“Deep listening is the kind of listening that can help relieve the suffering of another person. You can call it compassionate listening. You listen with only one purpose: to help him or her to empty his heart. One hour like that can bring transformation and healing.” ~ Thich Nhat Hanh

Lately in our world there is a lack of deep listening. We tend to talk at each other rather than truly hear what another is attempting to communicate. In order to feel safe we often jump in with our own opinions and to prove that our point of view is correct. Sometimes we even talk right over another.

This doesn’t lead anywhere useful because we didn’t actually hear what another has said.

As we listen deeply, attentively and non-judgementally you offer this person an opportunity to suffer less. We all just want to be accurately heard and when we put aside our own thoughts and judgements and truly just hear another, transformation and healing has the opportunity to take place.

When we give another our undivided and loving attention our relationship has a possibility of deepening and growing. This is a gift to another. Besides just hearing the words, invite yourself to feel the emotions and meaning beneath the actual words. It may be challenging to be so present. If you find this to be true the practice of mindfulness meditation can prepare the ground to make it easier to be present in the moment with another person.

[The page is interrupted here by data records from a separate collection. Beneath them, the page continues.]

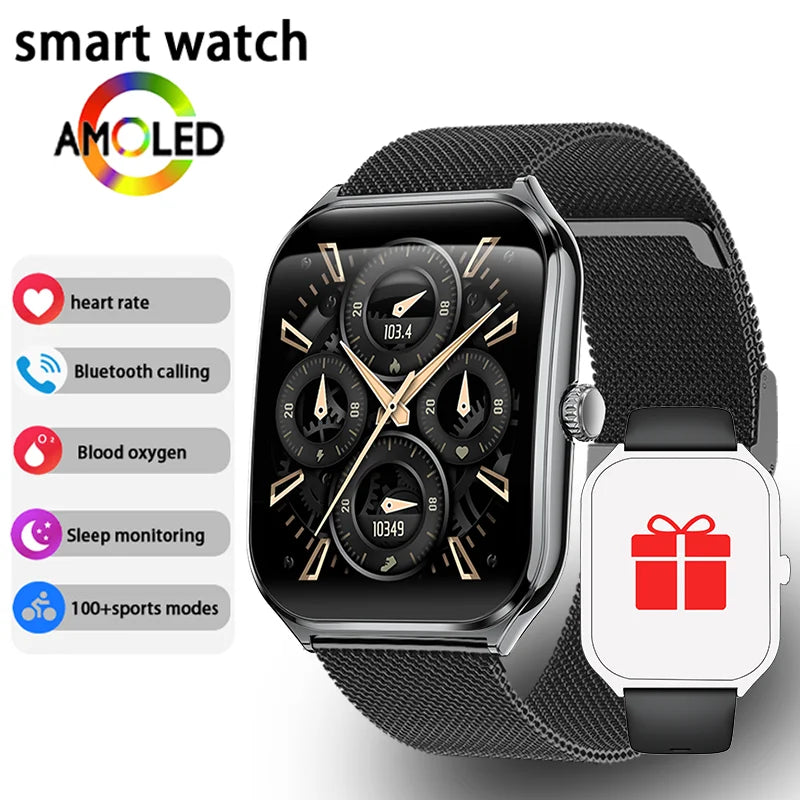 Ultra-Thin Smart Watch – AMOLED Display, Always-On Time & Bluetooth Calling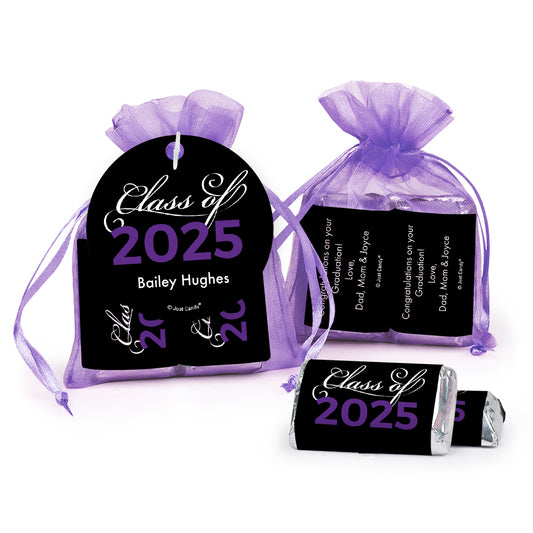 Personalized Graduation Purple Class Of Hershey's Miniatures in XS Organza Bags with Gift Tag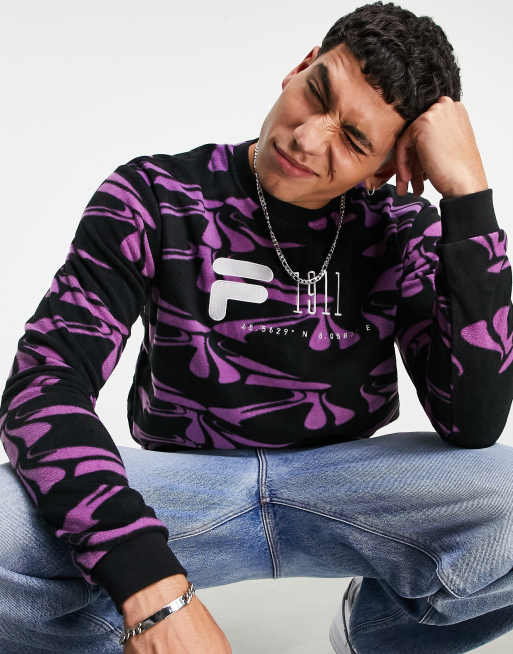 Fila - Sweatshirt med logo i sort og lilla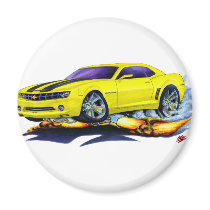 2010 Camaro Yellow-Black Car Refrigerator Magnet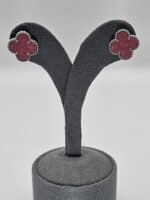 van cleef modeli büyük yonca doğal taş pembe gümüş vca küpe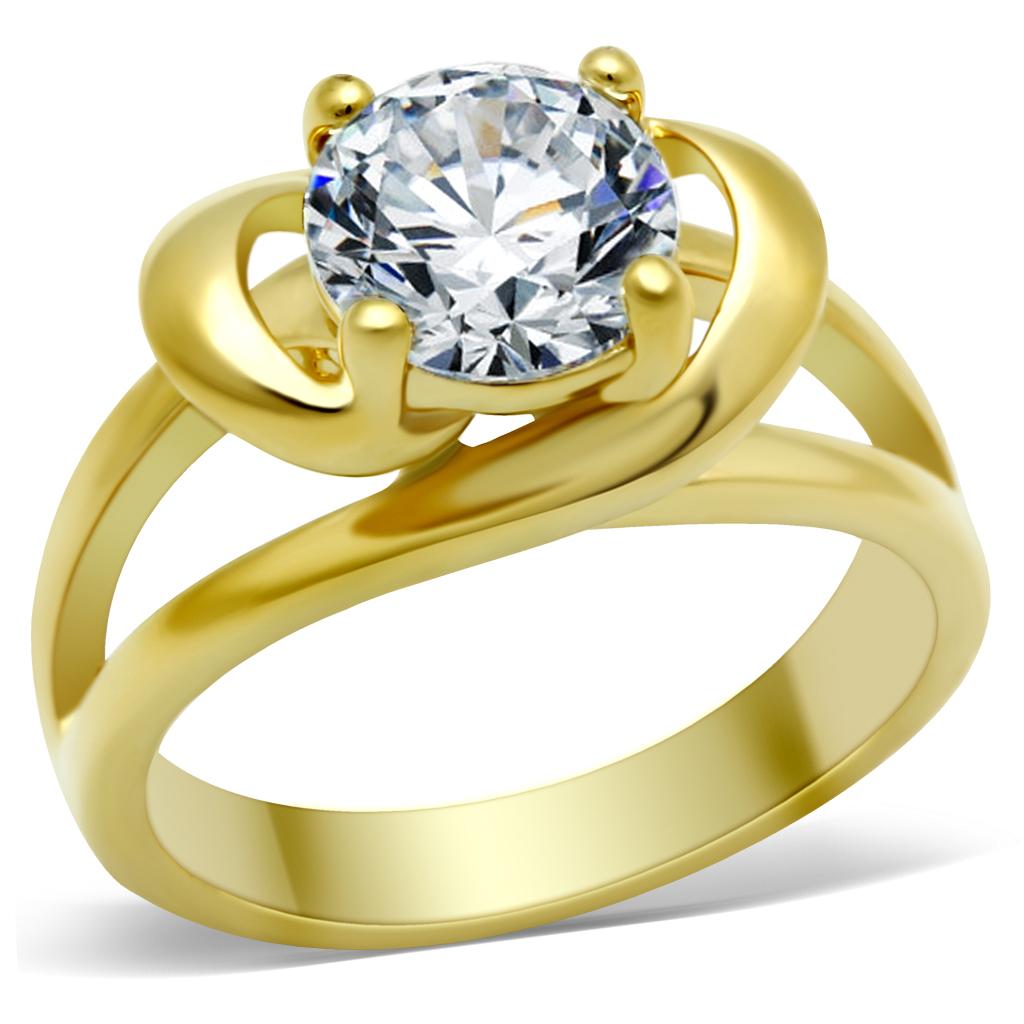 JCE066G IP Gold(Ion Plating) Stainless Steel Ring with AAA Grade CZ  in Clear
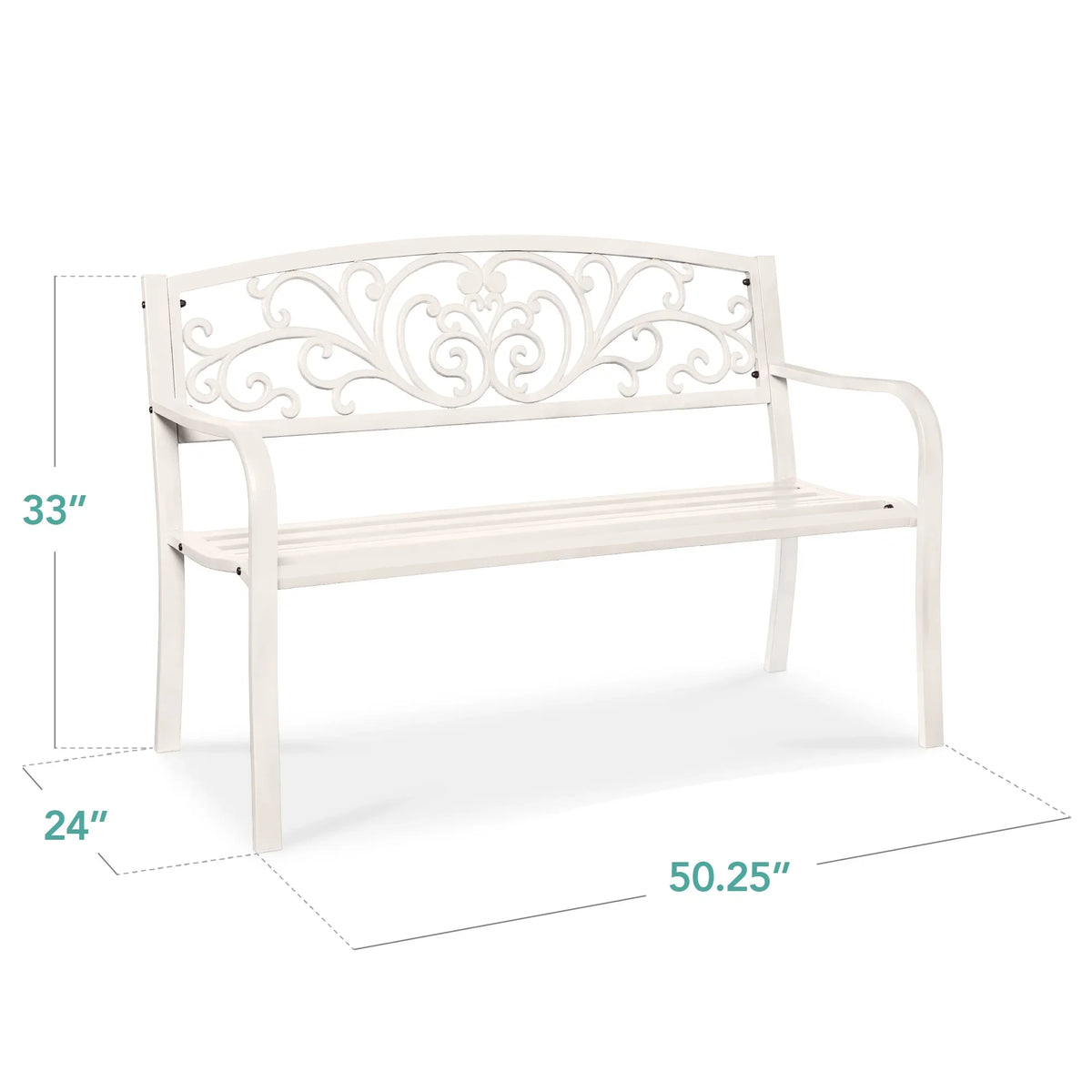 Best Choice Products Outdoor Steel Bench Garden Patio Porch Furniture W/ Floral Design Backrest - Black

How do you do this? When you have a friend in need, take some time to come home to your true nature, reside in your body- aware of your breath. Then begin to listen from your body, your heart. Just listen without offering suggestions or comments. Be aware of the urge to fix them and breathe through it. Feel their words enter your heart and become aware of what you are receiving, become aware of your own thoughts and reactions and gently soften your heart to what they are saying. Do not interrupt, just receive.  I invite you to hold a safe space with non-judgment.

After your friend has finished you may want to just repeat what you heard them say. What I heard you saying is…..

Do not offer opinions or comments, you can ask for further details if you wish later. Perhaps you can use this way of listening at your holiday gatherings.

Let’s be here for one another with kindness and care.